David Barclay

Pardee RAND alumni Gursel Aliyev and Sara Turner with David Barclay at a scholarship and dissertation recognition brunch on May 18, 2019, photo by Diane Baldwin/RAND

Helping to educate the next generation of global policy leaders

David Barclay's gifts to Pardee RAND Graduate School are motivated by meeting with students, hearing their stories, and wanting to help more smart, talented young people make public policy their career.

June 1, 2023

David Barclay traces his commitment to the Pardee RAND Graduate School back to a conversation he had in Uzbekistan years ago. It was with a former student who talked about how the scholarship he received to attend the school had changed his life.

Barclay, whose titles have included portfolio manager and executive vice president at one of the largest financial services firms in the world, has been a Pardee RAND supporter ever since. His gifts in just the past few years total $1 million, much of it to support student scholarships. He’s also served on the school’s Board of Governors since 2016.
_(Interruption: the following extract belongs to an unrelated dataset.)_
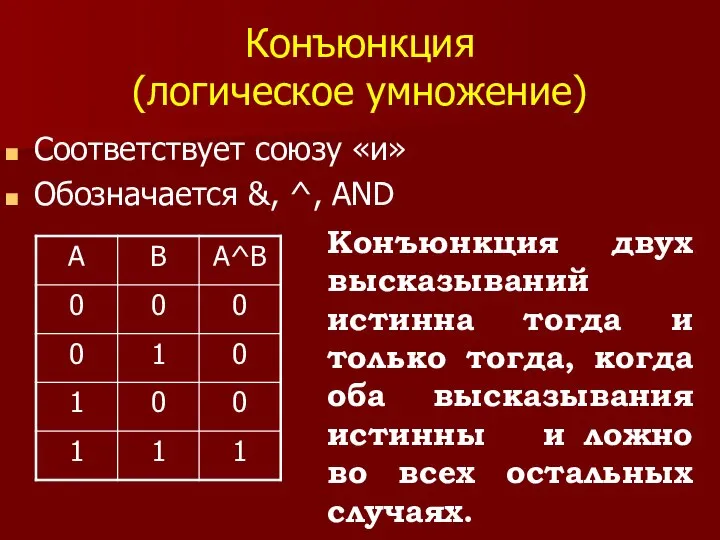 Конъюнкция (логическое умножение) Соответствует союзу «и» Обозначается &, ^, AND Конъюнкция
“That student I met in Uzbekistan didn’t have a lot of financial resources to come to the school,” Barclay said. “But he was from a part of the world that was, at the time, remaking itself. It needed really smart, talented people to help build a new society.

“That was my introduction. It made me really think about how important it is to get smart people into public policy. We need to make the path to get them there as easy as possible.”

Barclay, now retired, made his career at the Capital Group Companies, a global investment management organization, where he also served as research director, board member, and president of two top mutual funds. It wasn’t by chance that he found himself in Uzbekistan meeting with a former Pardee RAND student. One of his colleagues at the time served on the school’s board and made a point of introducing him.

He had done community development work in the Philippines and volunteered with a land-rights group that helps the rural poor in developing countries. His early interest in Pardee RAND fit with that same desire to empower people, at home and around the world, to build the future they want to see.

“We need well-qualified people to help us in the government sphere, in the nonprofit sphere, in civil society,” he said. “If we can make it easier and more attractive to get people who are so inclined to go in that direction, that’s a good thing. It’s a good thing for the United States, and it’s a good thing throughout the world.”

Barclay and his wife, Araceli Rosal Barclay, gave $500,000 to support a sweeping redesign of Pardee RAND in 2019. The effort created three streams of study and action for the school’s Ph.D. students. One focuses on traditional policy research and analysis; another looks more closely at the applications and implications of advanced technology.

But Barclay’s gift focused on the third stream. It puts students into local communities to not just study policy on the ground but to work with community members to effect real and lasting change. “That really stood out to me as something new,” Barclay said, “an opportunity to have long-term, sustainable impact at the community level.”

Since 2021, Barclay has given $500,000 more to support scholarships for current and future students. Those gifts were part of RAND’s Tomorrow Demands Today fundraising campaign, the most ambitious that RAND has ever undertaken. Its goal is to raise $400 million.

Nancy Staudt, the Frank and Marcia Carlucci Dean of Pardee RAND and vice president of innovation at RAND, describes Barclay as a trusted advisor and true supporter of the school’s students and faculty. “His advice, gifts, and donations over the last many years have enabled the school to accomplish so much and to advance our mission to educate the next generation of global policy leaders,” she said.

Barclay said what motivated his gifts was the same thing that inspired his interest all those years ago: meeting with students; hearing their stories; and wanting to help more smart, talented young people make public policy their career. After all, he said, “the world needs more Pardee RAND graduates.”